Hello. Thanks for the patch! It is almost perfect! See 6 comments
below.

On 01/06/2018 18:41, imeevma@tarantool.org wrote:
> Due to limitation of reference counters for tuple being only
> 65535 it was possible to reach this limitation.
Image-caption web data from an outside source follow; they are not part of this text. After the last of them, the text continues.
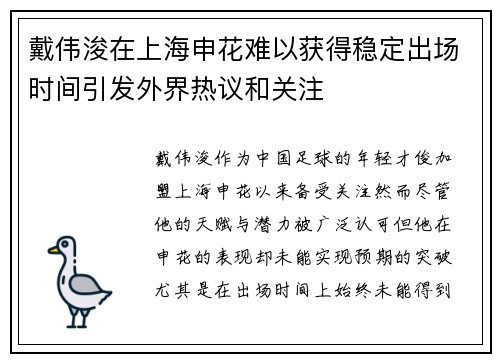 戴伟浚在上海申花难以获得稳定出场时间引发外界热议和关注 戴伟浚在上海申花难以获得稳定出场时间引发外界热议和关注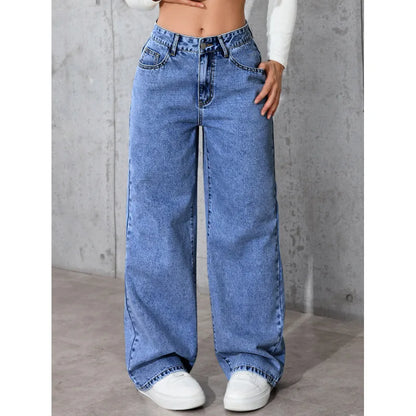 Jeans Femininos de Cintura Alta e Modelagem Larga (Loose Fit) com Perna Reta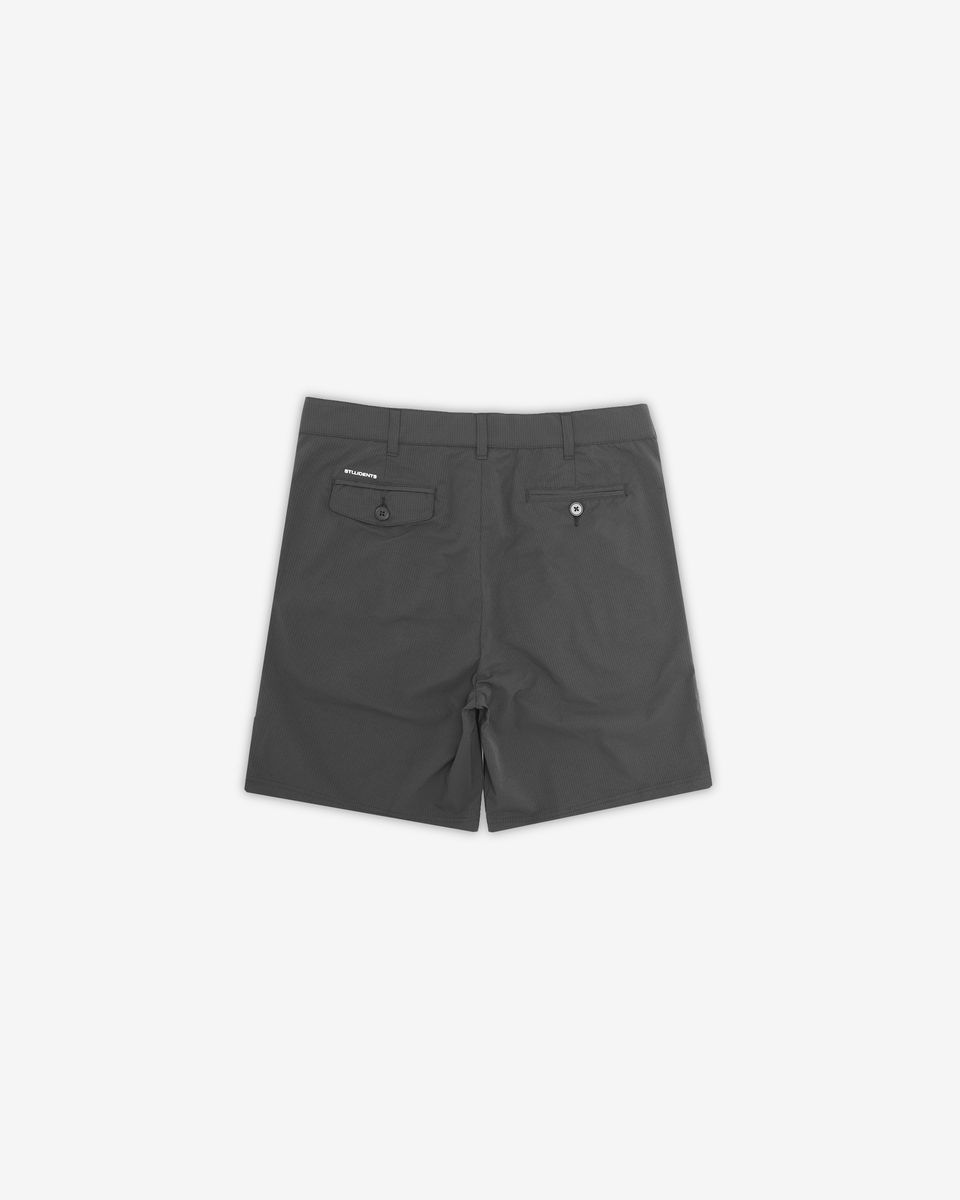 Heritage Nylon Houndstooth Pleated Short - Black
This patch
> increases capacity of reference counters to 4 billions.
> 
> Closes #3224
> ---
> Branch: https://github.com/tarantool/tarantool/tree/imeevma/gh-3224-tuple-bigrefs
> Issue: https://github.com/tarantool/tarantool/issues/3224
> 
>   src/box/errcode.h        |   2 +-
>   src/box/lua/tuple.c      |   5 +-
>   src/box/port.c           |   8 +--
>   src/box/tuple.c          | 164 +++++++++++++++++++++++++++++++++++++++++++++--
>   src/box/tuple.h          |  63 ++++++++++--------
>   test/box/misc.result     |  39 ++++++-----
>   test/box/select.result   |  30 +++++++--
>   test/box/select.test.lua |  15 ++++-
>   8 files changed, 257 insertions(+), 69 deletions(-)
> 
> diff --git a/src/box/tuple.c b/src/box/tuple.c
> index 014f374..f59b27e 100644
> --- a/src/box/tuple.c
> +++ b/src/box/tuple.c> +
> +/**
> + * Try to decrease allocated memory if it is possible. Free memory when
> + * size == 0.
> + */
> +static inline void
> +tuple_bigrefs_compact(void)
> +{
> +	if (bigrefs.size == 0) {
> +		tuple_bigrefs_destroy();
> +		return;
> +	}
> +	if (bigrefs.capacity == TUPLE_BIGREF_MIN_CAPACITY ||
> +	    bigrefs.size > bigrefs.capacity / TUPLE_BIGREF_FACTOR)
> +		return;
> +	uint16_t size = bigrefs.size;
> +	uint16_t reserved = 0;
> +	uint16_t capacity = bigrefs.capacity;
> +	while(size > 0 && reserved <= capacity / TUPLE_BIGREF_FACTOR) {
> +		if (bigrefs.refs[reserved] != 0)
> +			--size;
> +		reserved++;
> +	}

1. Why do you iterate from the beginning? As far as I remember, we have
decided to iterate from the end. Here you try to find such the biggest
index, that refs[index] != 0. So when you iterate from the beginning, you
always need to go through capacity, but when you iterate from the end,
it is enough to stop on the first non-zero element.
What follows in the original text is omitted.